What you should do: Copy the lines below exactly, starting at the one with "Taksi sürücüsü sükan" and ending at the one with "4017 NE Woodridge Drive — photo 42", and leave out any picture.

Caption-style text data:

• • • • •

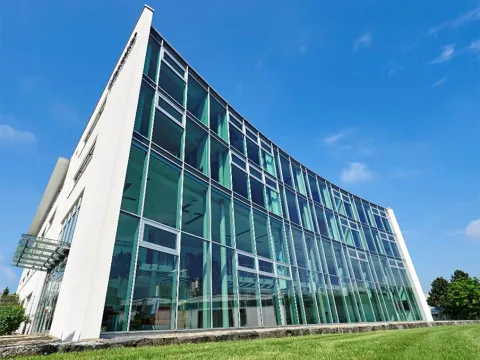 Hauptsitz von Rentschler Biopharma in Laupheim: Ort der neuen Puffer-Medien-Station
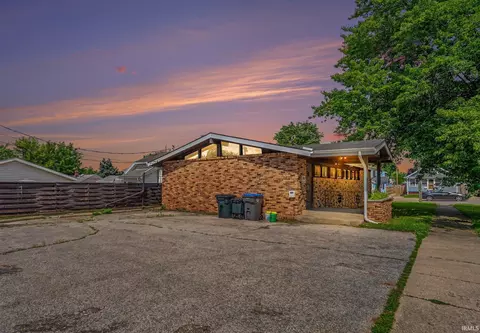 1951 E Fox St, South Bend, IN 46613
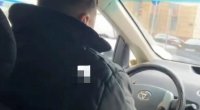 Taksi sürücüsü sükan arxasında yatdı – VİDEO 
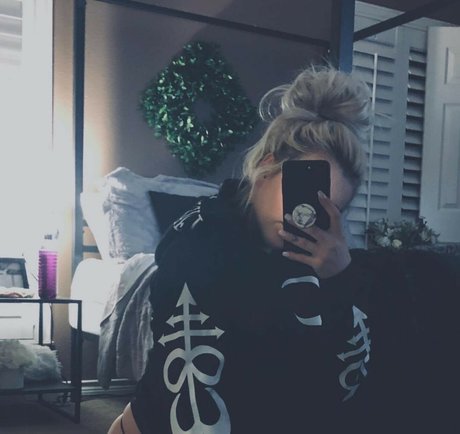 SJ Valenz model nice images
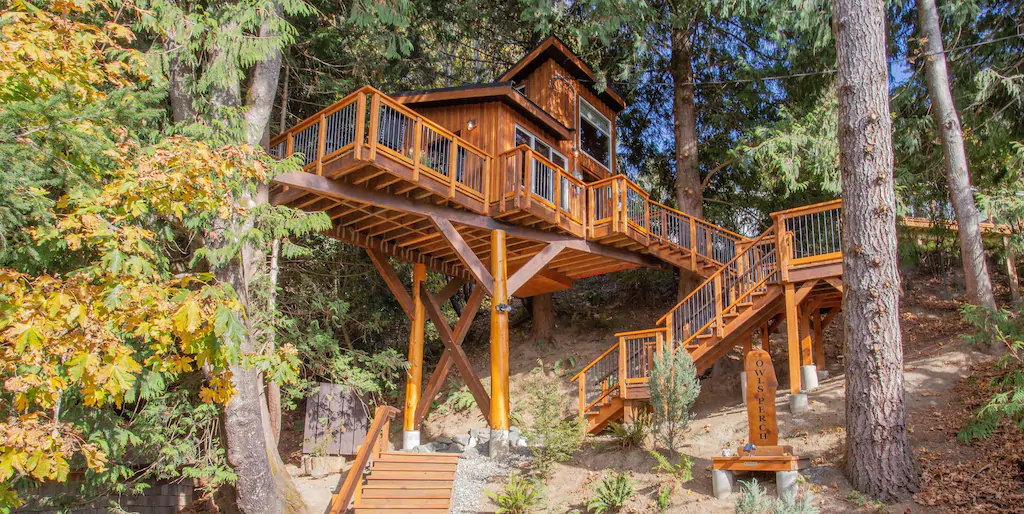 Owl's perch treehouse in Sooke, British Columbia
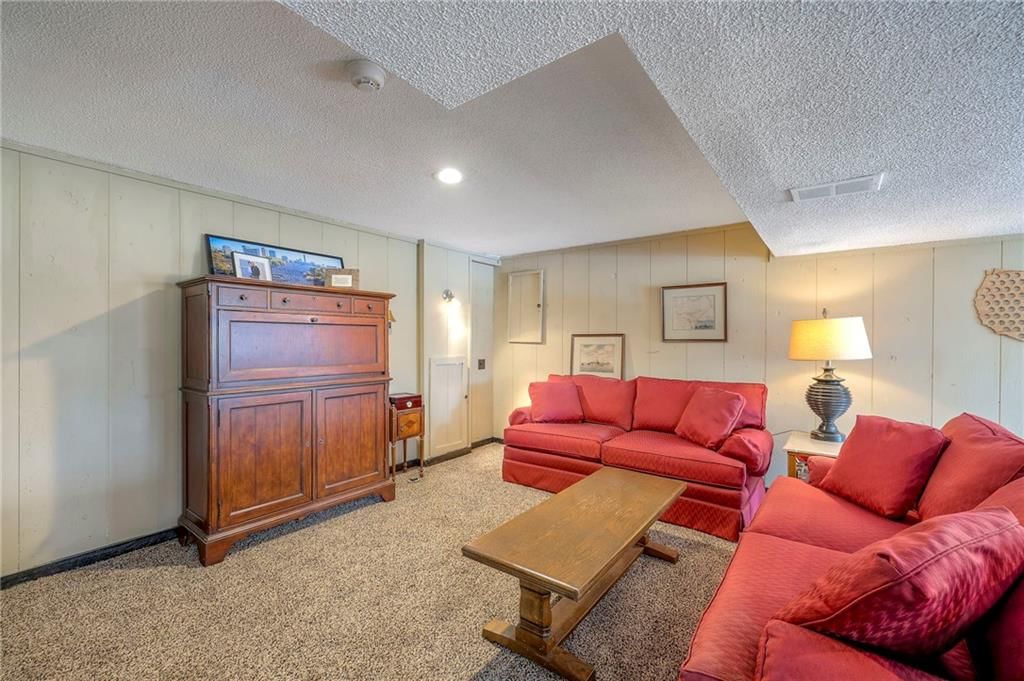 4017 NE Woodridge Drive — photo 42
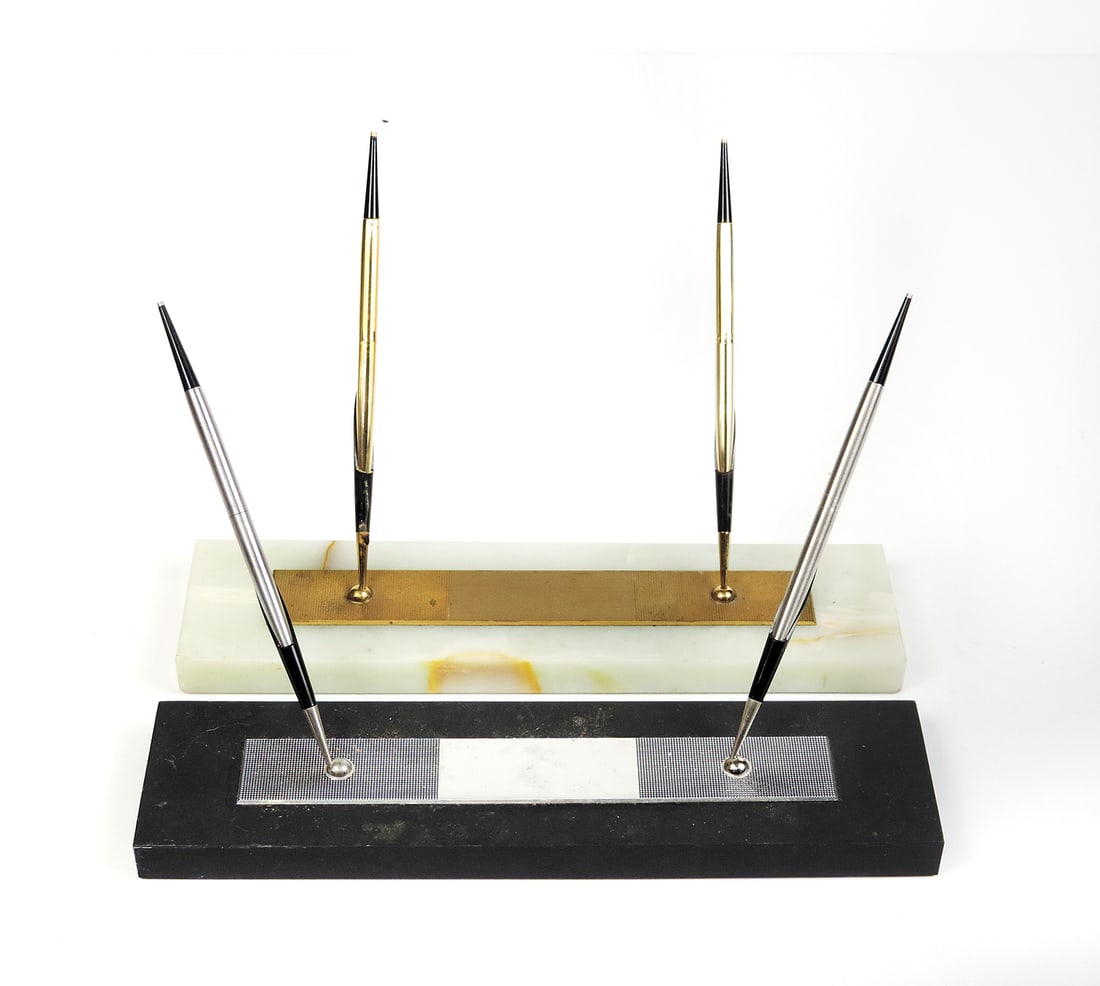 2 Parker Mcm Desk Sets, Dbl Ballpoints, Matching Style In Onyx W/gold Tone: 2 parker mcm desk sets, dbl ballpoints, matching style in onyx w/gold tone & black slat w/brushed chrome pens. Exc untested cond, 12"l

• • • • •

Worked solution:
 Taksi sürücüsü sükan arxasında yatdı – VİDEO 
 SJ Valenz model nice images
 Owl's perch treehouse in Sooke, British Columbia
 4017 NE Woodridge Drive — photo 42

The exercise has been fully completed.